===== The data =====
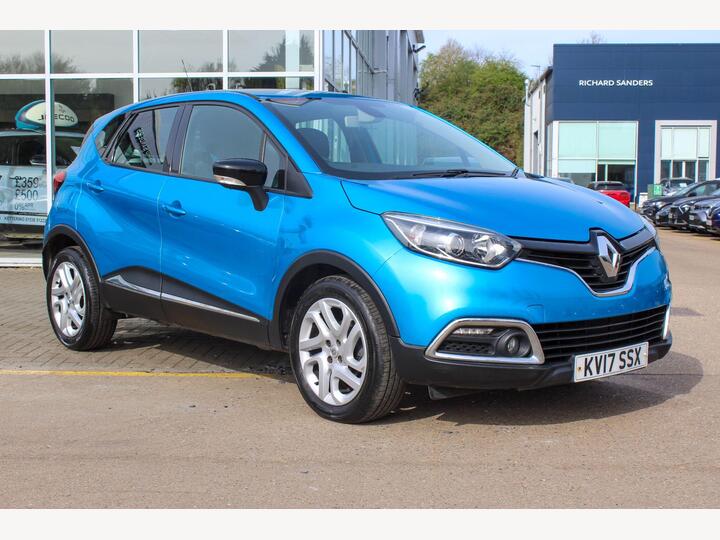 Renault Captur 0.9 TCe ENERGY Dynamique Nav Euro 6 (s/s) 5dr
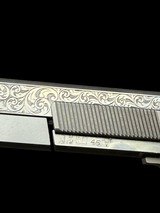 HAMMERLI 125 YEAR COMMEMORATIVE - HAND ENGRAVED - #192 0F 1000 SPECIAL EDITION - LEATHER PRESENTATION CASE - NEW! - 6 of 14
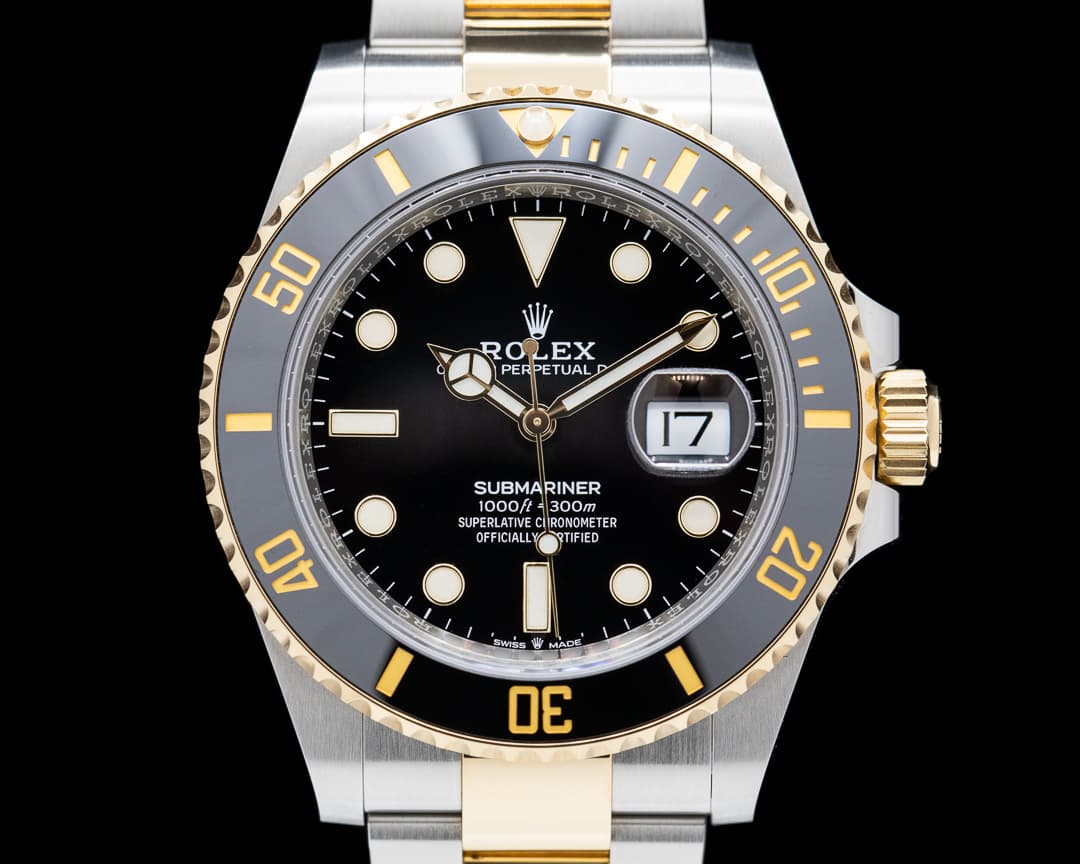 Rolex Submariner 41MM 126613LN Black Dial 18K / SS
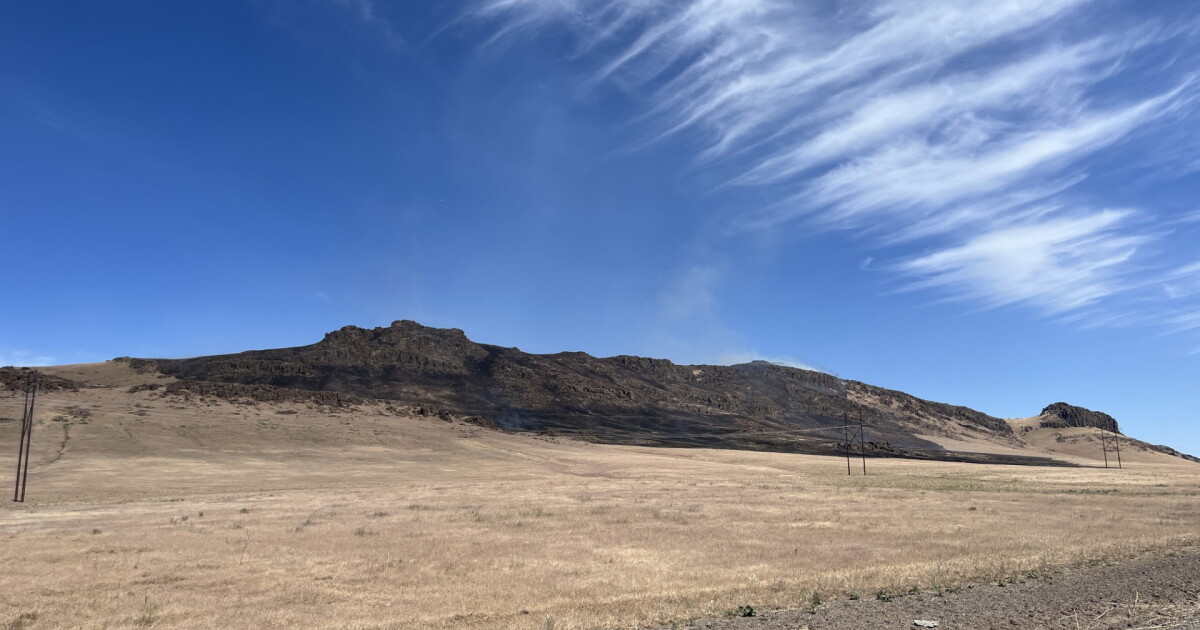 Mountain Home Forward progression stopped on Teapot Fire, estimated at 247 acres Ellie Sullivan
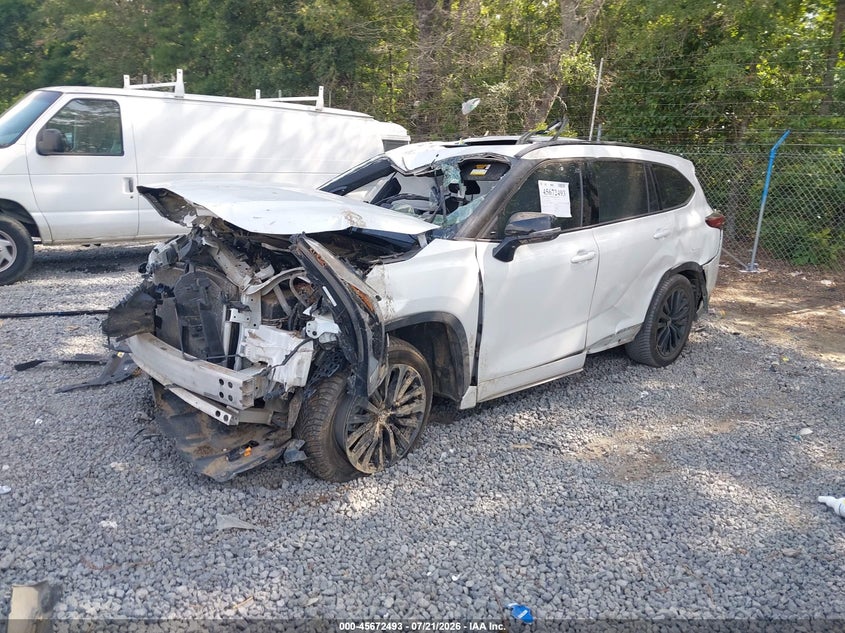 2023 Toyota Highlander Xse VIN: 5TDKDRAH7PS023448 Lot: 45672493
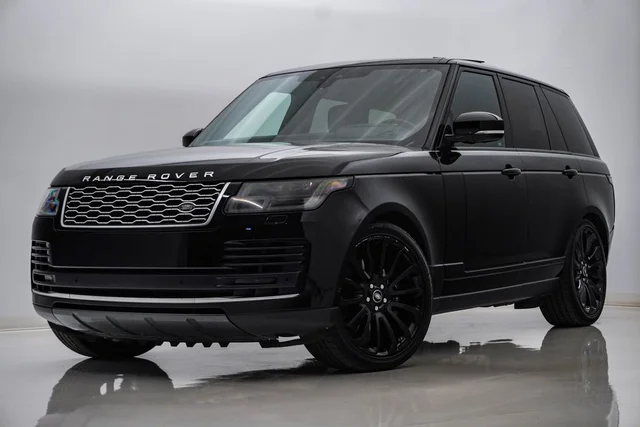 2019 Land Rover Range Rover 5.0L V8 Supercharged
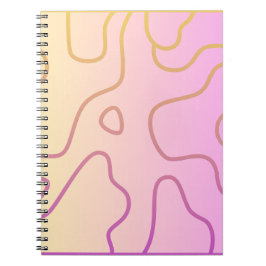 Caderno Espiral camuflagem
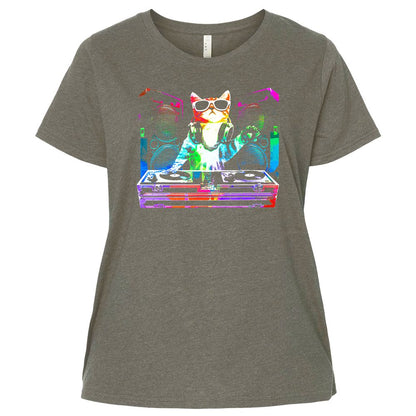 Ladies Curvy Jersey - 4JJZ56GU - Bamboo Blackout - 2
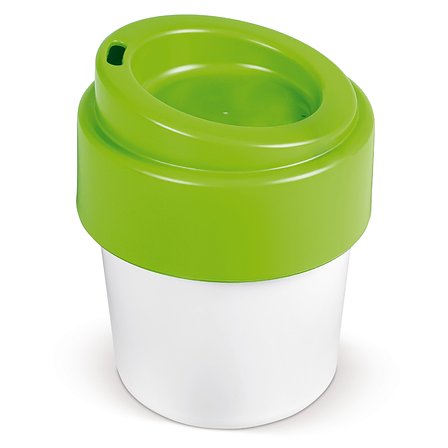 Heiß-aber-cool Kaffeebecher mit Deckel 240ml Emengli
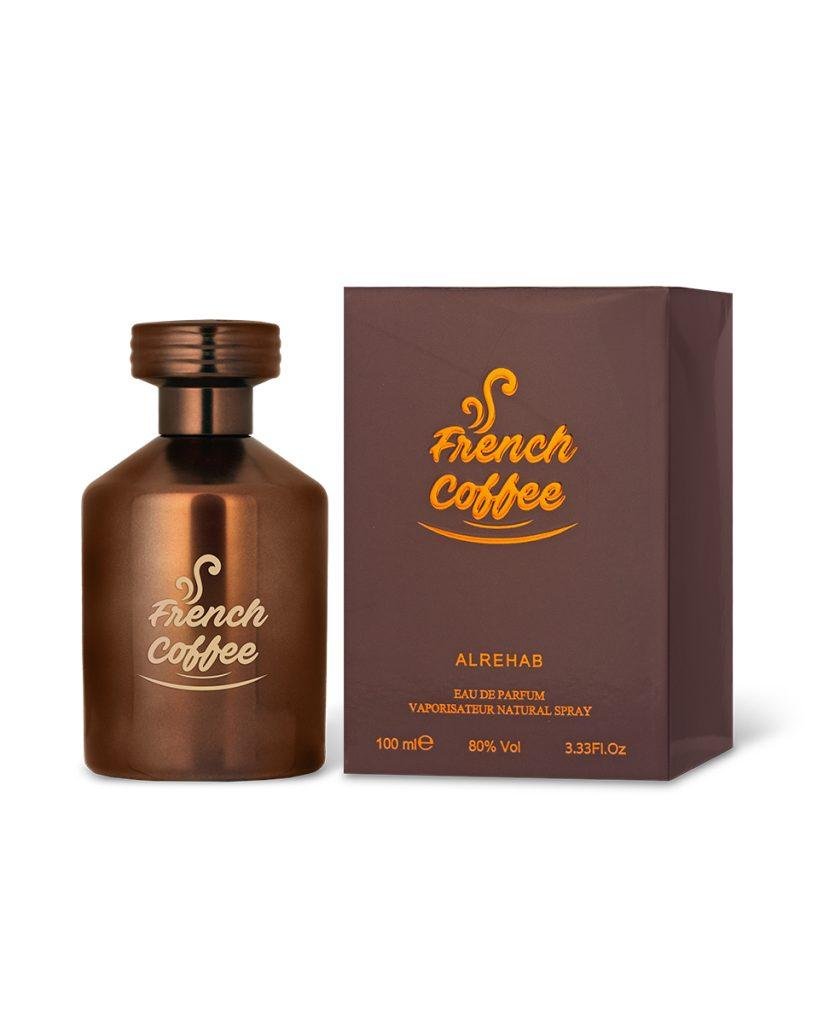 Al Rehab French Coffee Eau de Parfum 100ml by Al Rehab — Authentic Arabic Fragrance | Qamare
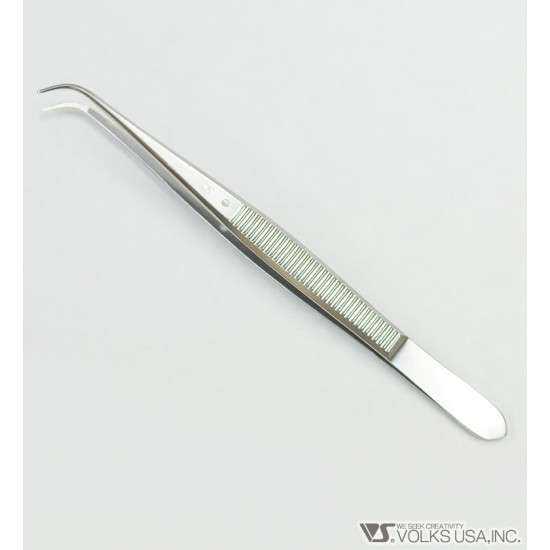 ZM V Bent Tweezers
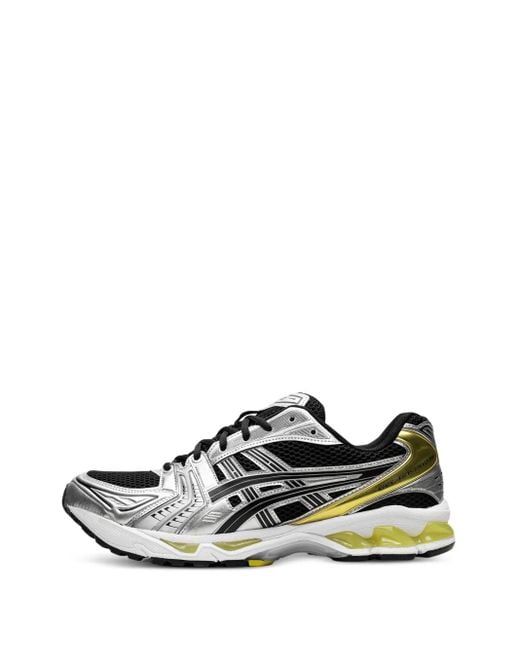 Baskets Gel-Kayano 14 'Lemon Spark' Asics pour homme en coloris Black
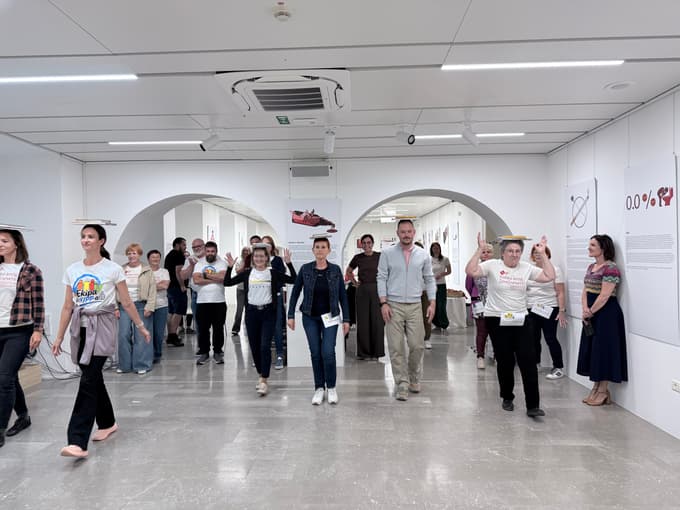 Lepotna čitalnica je letos postala ogrevalna disciplina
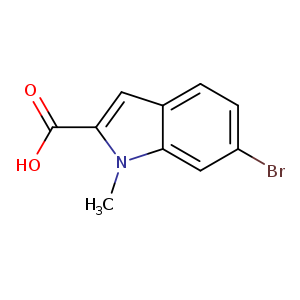 6-Bromo-1-methyl-1H-indole-2-carboxylic acid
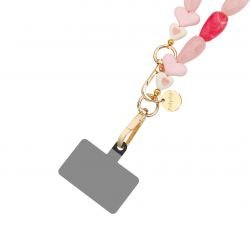 Tour de cou Thalia Rose Longueur 100 cm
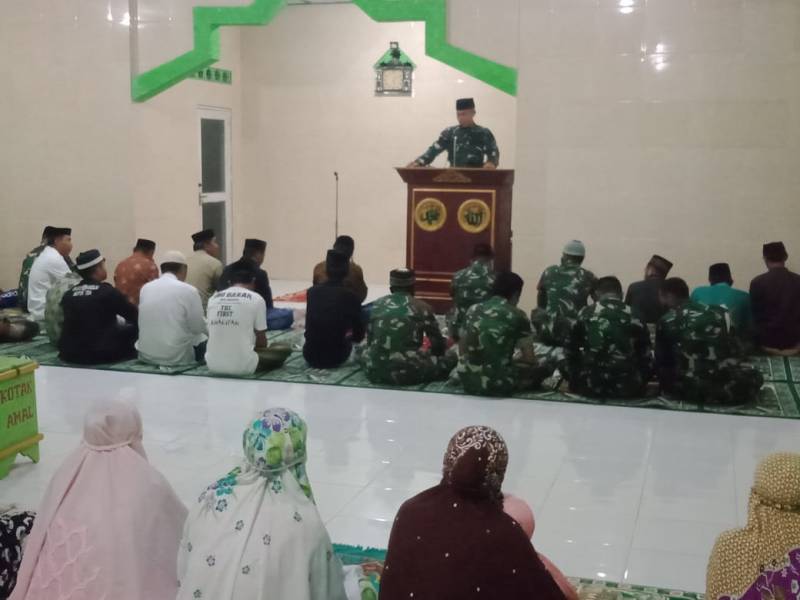 Dandim 1410/Btg Sudah Kunjungi 152 Masjid di Bantaeng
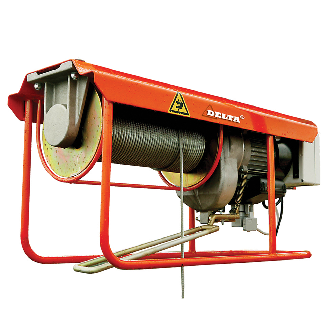 Elektrische Seilwinde 230 V, 0,5 t, 23 m-Beschreibung lesen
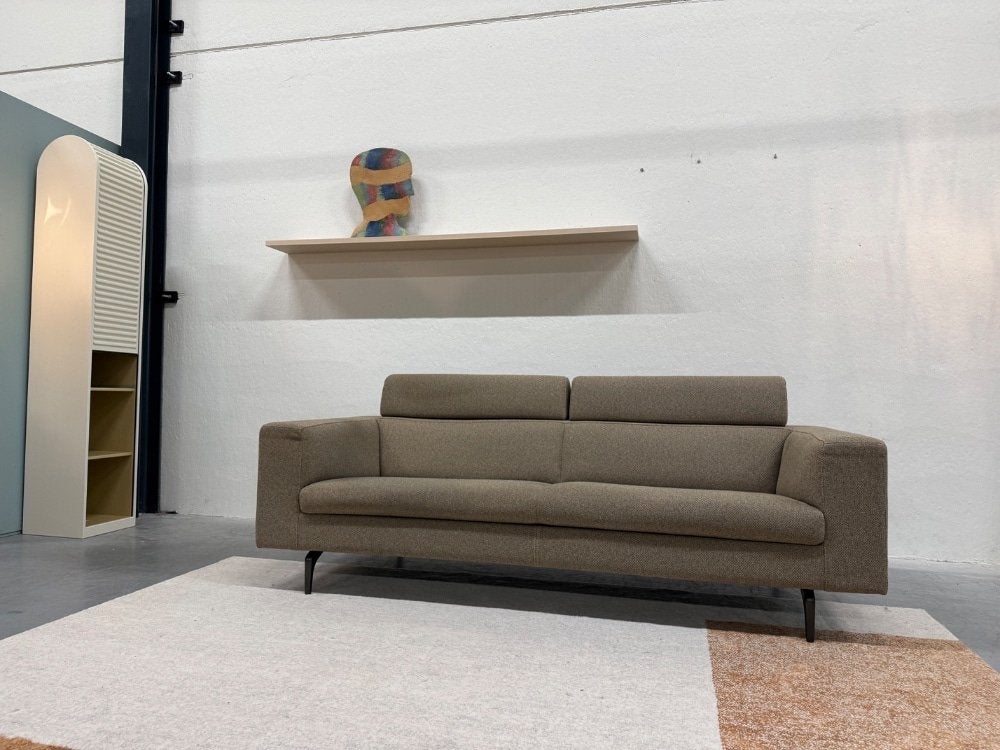 Leolux Horatio 3 Zits Bank loft stof Design 220, Ophalen, Leolux, Info@leolux.nl, Driepersoons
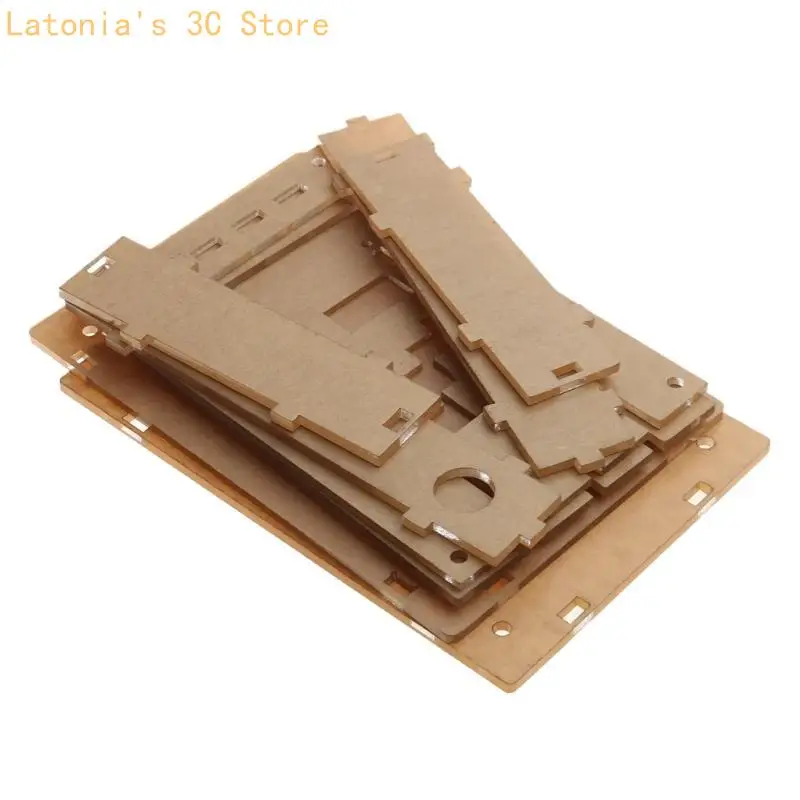 Acryl DIY Klar für Shell für Gehäuse für 2,4" TFT Digital Oszilloskop Ki X3UB – Detail 3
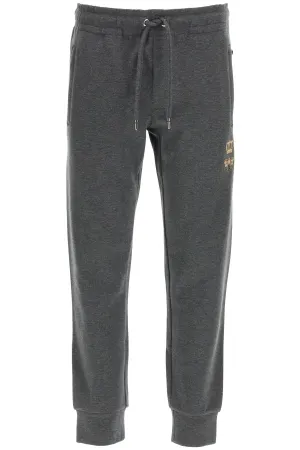 Dolce & Gabbana Bee Embroidered Jogger Pants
=====
Task brief -> Please restate word for word each line from the one containing "Acryl DIY Klar" to the end of the data above, without the pictures.

Answer area ->
 Acryl DIY Klar für Shell für Gehäuse für 2,4" TFT Digital Oszilloskop Ki X3UB – Detail 3
 Dolce & Gabbana Bee Embroidered Jogger Pants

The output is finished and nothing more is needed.